LAST SUNDAY I assisted my Pastor, Fr. Walter Dorsey, to bury three of the seven young men and boys killed by the police in Braeton on March 14. Nearby was the funeral of principal of the Hartlands All-Age School, Keith Morris, brutally gunned down by unknown gunmen on March 13.

I mourn the passing of Keith Morris. Students in his school live within the Portland Bight Protected Area where I work, and my staff were scheduled to meet with him on the Wednesday the day after he was killed. Such a waste! The media have reported that there were tears at his funeral. Rightly so! There were also tears at the funeral of Reagon O'Brian Beckford, Andre St. Christopher Virgo and Christo-pher Glenant Grant, although this fact seems to have escaped the attention of the media. They also were mourned by relatives and friends. And rightly so! Such a waste! Nice looking boys (according to their photographs in the programme), cut down in the flower of their youth. There were tributes both spoken and in song by brothers, sisters and friends. A very sad occasion!

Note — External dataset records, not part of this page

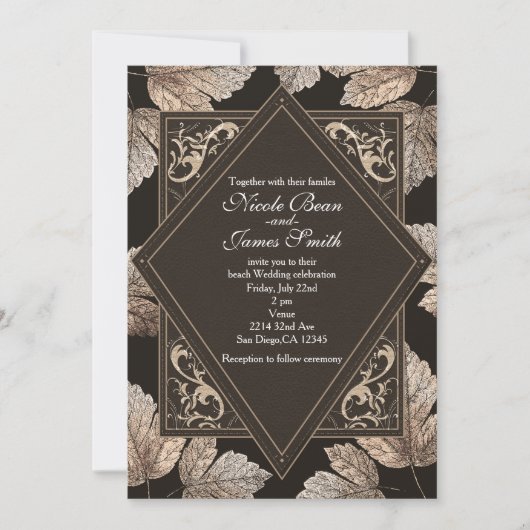 Dunkelbraun & Bronze Blätter Rustikale Herbsteinla Einladung (Vorderseite)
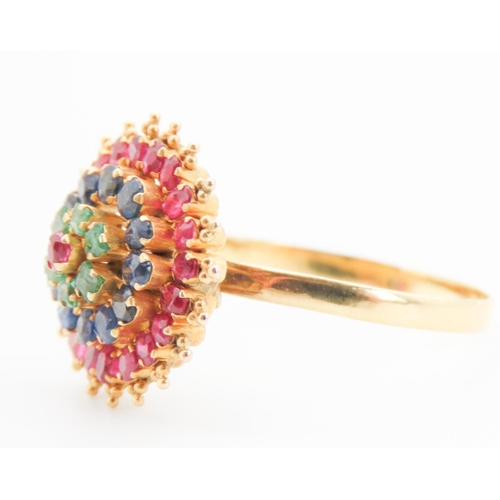 296 - Ruby Sapphire and Emerald Set Ladies Cluster Ring Minted in 18 Carat Yellow Gold Ring Size W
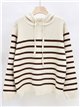 Sudadera punto rayas con capucha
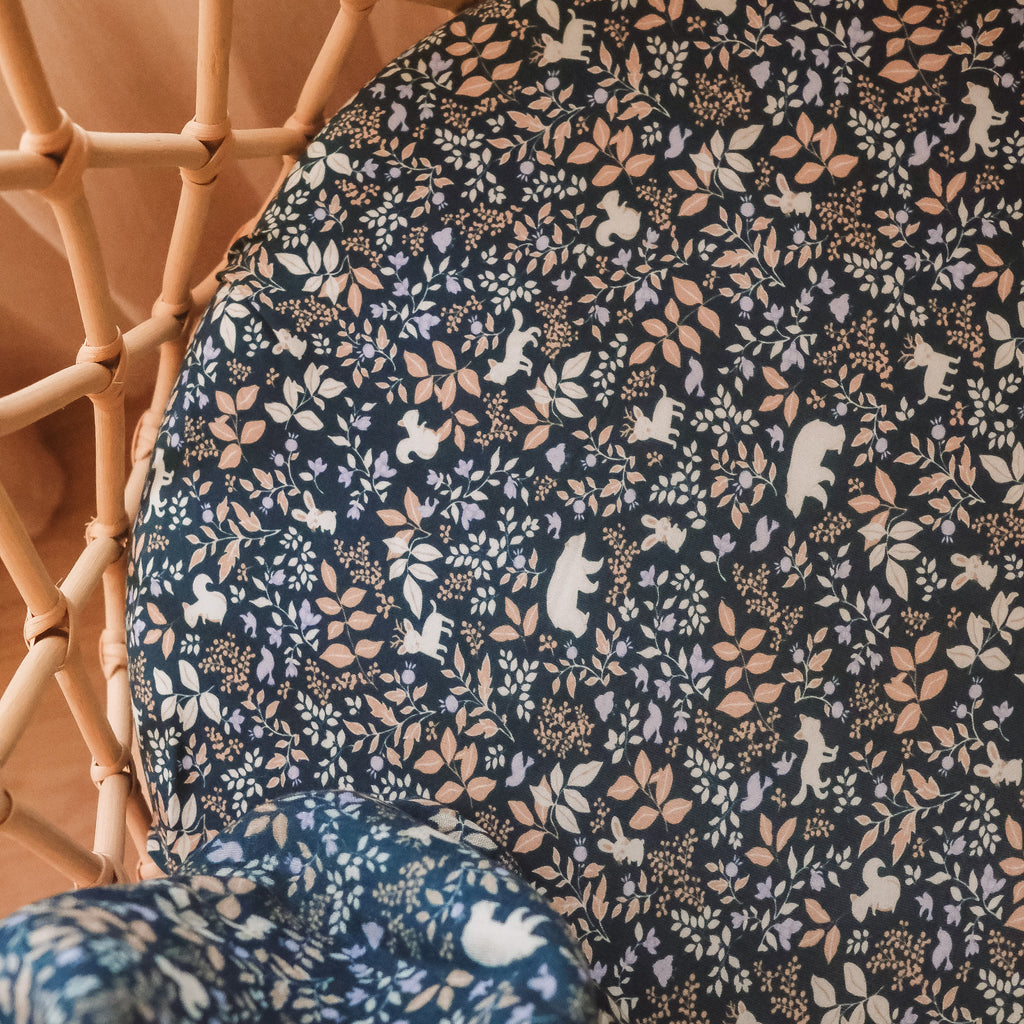 Forest Friends Midnight Organic Fitted Bassinet Sheet/Change Pad Cover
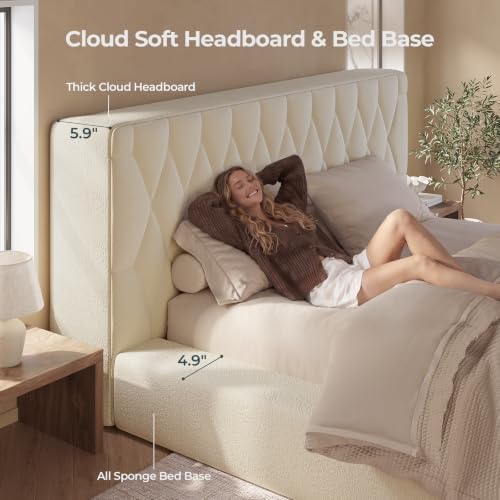 ADORNEVE Upholstered King Cloud Bed Frame with 5.9" Thick Headboard, Beige - 2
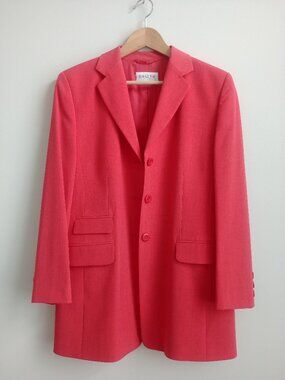 Vintage Horst Basler wool blend long blazer jacket reddish coral 40 approx Med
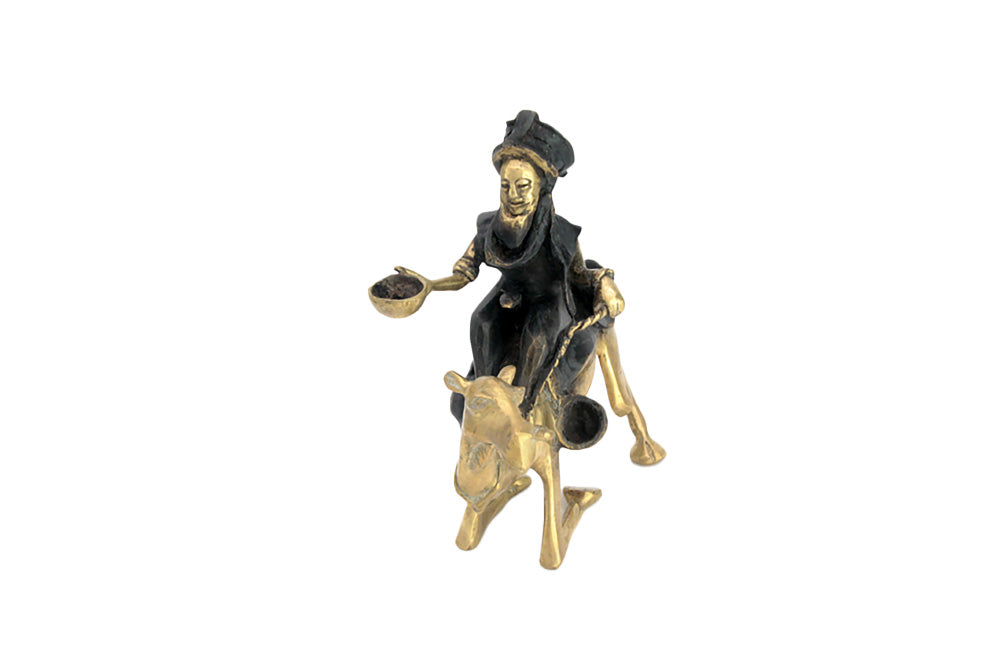 Chamelier 25 cm noir &amp; doré n°1 Bronzes d&#39;Afrique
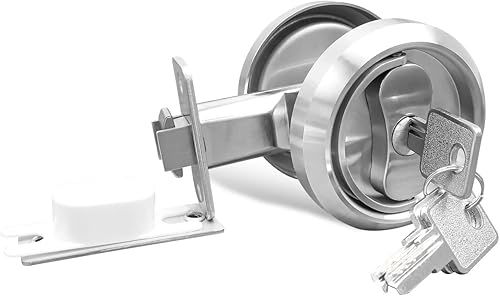 Cerradura de puerta de bolsillo plateada con llave y respaldo de 2 38 pulgadas de 2.362in, pestillo de accesorios de puerta de bolsillo de níquel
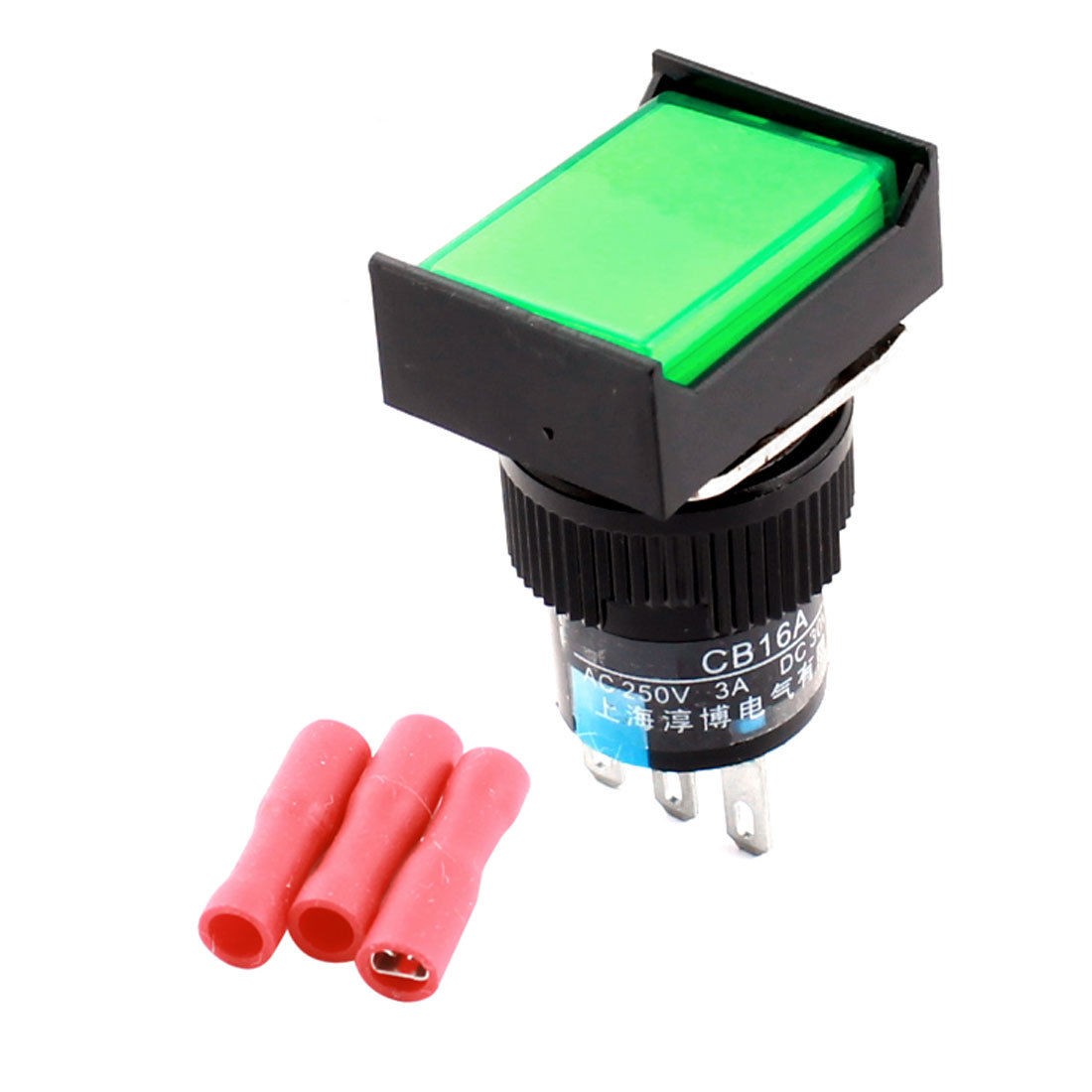 Green Button Self Locking Pushbutton Switch + 3 x Crimp Connectors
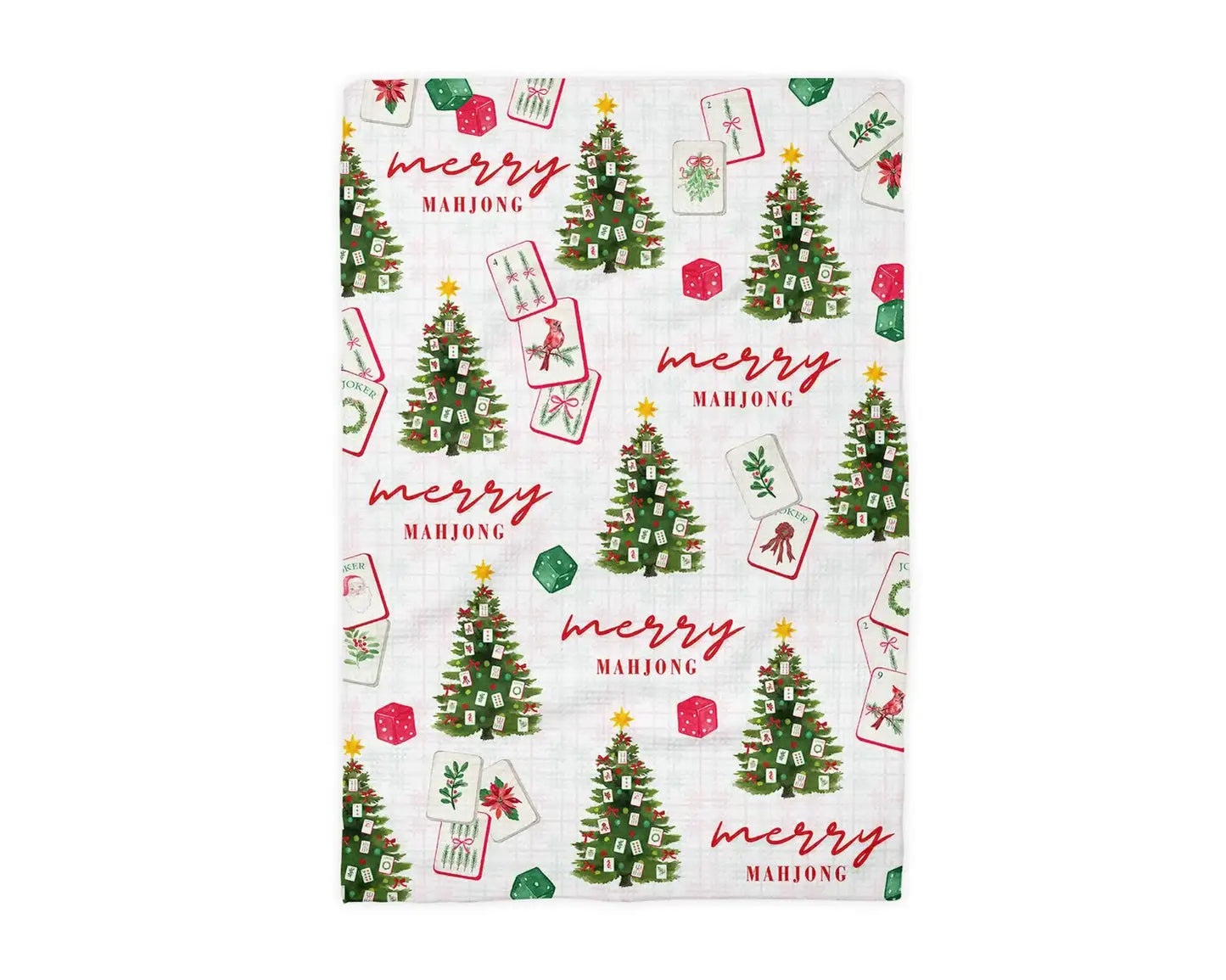 Mahjong Christmas Kitchen Waffle Weave Towel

As I looked in the coffins at their battered and bruised faces unsuccessfully covered up by the funeral parlour, and at the tam and dark glasses which partially covered the damaged head of Chris, I asked myself why it had to come to this. I don't know if they were criminals and murderers; only a court should decide that; but they were my brothers - washed in the same waters of baptism as I am, citizens of the same country as I am, and members of the same human race as I am. Did they not deserve a chance to speak for themselves, to plead guilt or innocence, to work out their salvation in fear and trembling?

I am finding it difficult to understand how so-called followers of Jesus in this so-called Christian country, the same Jesus who refused to support the execution by stoning of the woman caught in the act of adultery (co-incidentally the gospel lesson read last Sunday in Catholic churches all over the world) could rejoice at the manner of the death of these boys. But then many of these same people will stone goat thieves to death, or rejoice at the result, so I suppose I should not be surprised.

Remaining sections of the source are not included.